CfrF.W. Deakin, op. cit, pag.595
Grandi, poi, ne disse al Duce di tutti i colori e ce ne fu per tutti: condannò la dittatura totalitaria, la spietata censura sulla stampa, denunciò la decadenza morale e politica del regime, l’inconsistenza del consiglio dei ministri…, disse che la guerra non era solo impopolare perché l’Italia la stava perdendo, ma perchè ormai si diceva che fosse la guerra di Mussolini, manco del fascismo.
Poi ci fu l’intervento del genero Galeazzo Ciano, che ribadì le sue accuse alla Germania che si era impegnata a non entrare in guerra fino al 1943 – 1944, nel senso che “gli italiani non erano dei traditori, ma dei traditi”.
Farinacci quindi intervenne con la sua mozione che era la copia carbone di quella di Grandi, tranne che per un dettaglio non insignificante: auspicava di vincolarsi ancora di più alla Germania di Hitler.
Dopo una breve pausa fin dopo mezzanotte il Gran Consiglio riprese: i giochi erano fatti; Galbiati, capo della Milizia, parlò a favore del Duce dicendo la cosa più vera e scontata del mondo: l’Italia era entrata in guerra con la Germania perché sicura della vittoria.
Scorza, segretario del partito, che si sera dichiarato d’accordo con Grandi, fu più prudente: il suo intervento fu inutile perché richiamava l’urgenza di radicali riforme all’interno del paese, nel governo e nelle forze armate.
Era la solita concessione ad un rimpasto di governo che era stato già fatto e non aveva portato a nulla.
Parlò anche Alfieri, quindi Mussolini mise in votazione l’odg Grandi che in un silenzio assordante fu approvato con 19 voti a favore e sette contrari.
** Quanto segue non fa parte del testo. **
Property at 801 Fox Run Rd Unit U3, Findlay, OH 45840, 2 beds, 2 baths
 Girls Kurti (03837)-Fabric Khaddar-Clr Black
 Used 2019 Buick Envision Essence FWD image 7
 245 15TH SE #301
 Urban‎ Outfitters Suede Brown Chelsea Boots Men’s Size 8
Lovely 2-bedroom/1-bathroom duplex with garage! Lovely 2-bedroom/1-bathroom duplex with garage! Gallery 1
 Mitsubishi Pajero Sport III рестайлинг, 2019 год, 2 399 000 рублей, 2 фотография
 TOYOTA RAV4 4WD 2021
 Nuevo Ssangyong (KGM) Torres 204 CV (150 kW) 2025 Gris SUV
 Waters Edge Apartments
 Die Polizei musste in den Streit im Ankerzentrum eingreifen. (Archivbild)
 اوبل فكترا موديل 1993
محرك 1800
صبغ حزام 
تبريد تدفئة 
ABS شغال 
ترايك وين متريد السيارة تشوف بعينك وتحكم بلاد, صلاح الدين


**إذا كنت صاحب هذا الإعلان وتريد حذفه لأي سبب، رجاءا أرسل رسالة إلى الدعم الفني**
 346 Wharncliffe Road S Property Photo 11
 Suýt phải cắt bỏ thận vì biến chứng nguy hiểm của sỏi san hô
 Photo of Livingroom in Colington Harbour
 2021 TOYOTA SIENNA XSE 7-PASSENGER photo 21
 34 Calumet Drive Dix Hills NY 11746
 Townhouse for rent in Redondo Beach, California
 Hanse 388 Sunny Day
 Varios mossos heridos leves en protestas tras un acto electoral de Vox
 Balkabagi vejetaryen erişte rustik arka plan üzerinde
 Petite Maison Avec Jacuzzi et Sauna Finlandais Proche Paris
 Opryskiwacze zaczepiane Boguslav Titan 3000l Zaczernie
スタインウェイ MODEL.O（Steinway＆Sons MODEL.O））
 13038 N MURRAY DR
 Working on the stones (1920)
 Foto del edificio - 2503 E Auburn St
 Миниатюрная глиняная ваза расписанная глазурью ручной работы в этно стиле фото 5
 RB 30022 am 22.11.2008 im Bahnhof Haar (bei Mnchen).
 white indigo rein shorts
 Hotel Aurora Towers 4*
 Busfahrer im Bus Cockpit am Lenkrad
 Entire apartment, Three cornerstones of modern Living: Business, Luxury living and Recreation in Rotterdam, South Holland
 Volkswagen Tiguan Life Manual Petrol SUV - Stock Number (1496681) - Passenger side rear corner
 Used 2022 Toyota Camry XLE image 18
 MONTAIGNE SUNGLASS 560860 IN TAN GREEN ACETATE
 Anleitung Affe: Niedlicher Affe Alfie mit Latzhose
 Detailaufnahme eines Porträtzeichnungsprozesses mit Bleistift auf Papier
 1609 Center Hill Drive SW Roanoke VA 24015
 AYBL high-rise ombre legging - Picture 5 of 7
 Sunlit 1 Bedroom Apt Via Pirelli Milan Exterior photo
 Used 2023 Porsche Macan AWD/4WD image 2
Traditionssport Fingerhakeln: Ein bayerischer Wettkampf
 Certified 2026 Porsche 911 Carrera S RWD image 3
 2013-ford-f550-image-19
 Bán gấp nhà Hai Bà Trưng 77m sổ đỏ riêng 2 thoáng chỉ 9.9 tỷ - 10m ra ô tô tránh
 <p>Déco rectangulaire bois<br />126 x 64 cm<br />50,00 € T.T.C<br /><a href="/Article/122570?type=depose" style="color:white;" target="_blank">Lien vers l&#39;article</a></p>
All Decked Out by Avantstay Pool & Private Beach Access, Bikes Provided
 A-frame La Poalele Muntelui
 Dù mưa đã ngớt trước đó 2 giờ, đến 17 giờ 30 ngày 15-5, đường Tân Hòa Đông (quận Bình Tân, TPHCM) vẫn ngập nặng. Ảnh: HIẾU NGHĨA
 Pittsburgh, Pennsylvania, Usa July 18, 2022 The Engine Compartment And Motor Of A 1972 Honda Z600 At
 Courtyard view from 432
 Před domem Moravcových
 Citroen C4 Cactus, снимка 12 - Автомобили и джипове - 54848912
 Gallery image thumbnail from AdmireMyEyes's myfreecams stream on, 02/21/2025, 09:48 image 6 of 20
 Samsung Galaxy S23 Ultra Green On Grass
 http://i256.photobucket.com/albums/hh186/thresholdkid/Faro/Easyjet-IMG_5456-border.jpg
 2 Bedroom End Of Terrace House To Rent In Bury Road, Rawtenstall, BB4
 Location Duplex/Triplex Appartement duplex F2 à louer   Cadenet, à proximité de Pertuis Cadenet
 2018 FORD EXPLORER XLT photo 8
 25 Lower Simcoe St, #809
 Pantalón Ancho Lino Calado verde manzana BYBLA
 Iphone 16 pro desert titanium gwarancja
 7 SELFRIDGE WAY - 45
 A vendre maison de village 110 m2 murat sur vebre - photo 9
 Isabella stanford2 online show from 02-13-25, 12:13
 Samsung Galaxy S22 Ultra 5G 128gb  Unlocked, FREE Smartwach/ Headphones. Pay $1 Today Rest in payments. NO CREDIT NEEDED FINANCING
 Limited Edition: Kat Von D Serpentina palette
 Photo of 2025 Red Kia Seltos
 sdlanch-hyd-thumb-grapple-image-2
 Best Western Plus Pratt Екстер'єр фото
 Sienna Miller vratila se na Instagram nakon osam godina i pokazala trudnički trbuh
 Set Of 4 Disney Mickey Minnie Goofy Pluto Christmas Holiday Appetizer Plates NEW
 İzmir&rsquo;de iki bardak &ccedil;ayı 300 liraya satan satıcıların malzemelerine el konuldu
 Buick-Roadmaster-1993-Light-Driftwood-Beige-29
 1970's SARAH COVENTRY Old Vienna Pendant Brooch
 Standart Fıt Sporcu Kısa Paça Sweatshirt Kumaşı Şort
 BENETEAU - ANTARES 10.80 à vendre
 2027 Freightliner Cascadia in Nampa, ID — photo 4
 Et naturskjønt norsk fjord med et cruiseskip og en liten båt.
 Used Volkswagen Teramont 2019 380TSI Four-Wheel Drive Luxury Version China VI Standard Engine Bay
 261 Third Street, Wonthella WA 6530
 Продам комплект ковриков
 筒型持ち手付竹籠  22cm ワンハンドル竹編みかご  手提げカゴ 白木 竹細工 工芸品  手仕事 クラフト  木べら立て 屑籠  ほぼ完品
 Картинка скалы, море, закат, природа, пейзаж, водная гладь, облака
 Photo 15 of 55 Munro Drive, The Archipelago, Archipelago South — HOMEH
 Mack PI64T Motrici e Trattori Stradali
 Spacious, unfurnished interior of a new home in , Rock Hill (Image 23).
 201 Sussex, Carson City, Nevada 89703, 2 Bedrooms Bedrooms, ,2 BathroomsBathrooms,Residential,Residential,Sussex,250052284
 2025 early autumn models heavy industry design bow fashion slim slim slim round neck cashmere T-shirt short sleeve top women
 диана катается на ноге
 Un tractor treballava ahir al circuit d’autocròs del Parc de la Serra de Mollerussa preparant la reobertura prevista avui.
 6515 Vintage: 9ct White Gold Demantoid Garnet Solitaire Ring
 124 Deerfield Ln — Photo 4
Alle 2,40 del mattino Mussolini uscì dall’aula, Scorza richiamò il “saluto al Duce”, Mussolini rispose con un “Ve ne dispenso”.
1943 L’ARRESTO
La mattina del 25 luglio il Duce uscì da villa Torlonia come se nulla fosse successo. La nottata del golpe era passata, e alle nove Mussolini era già al lavoro a Palazzo Venezia.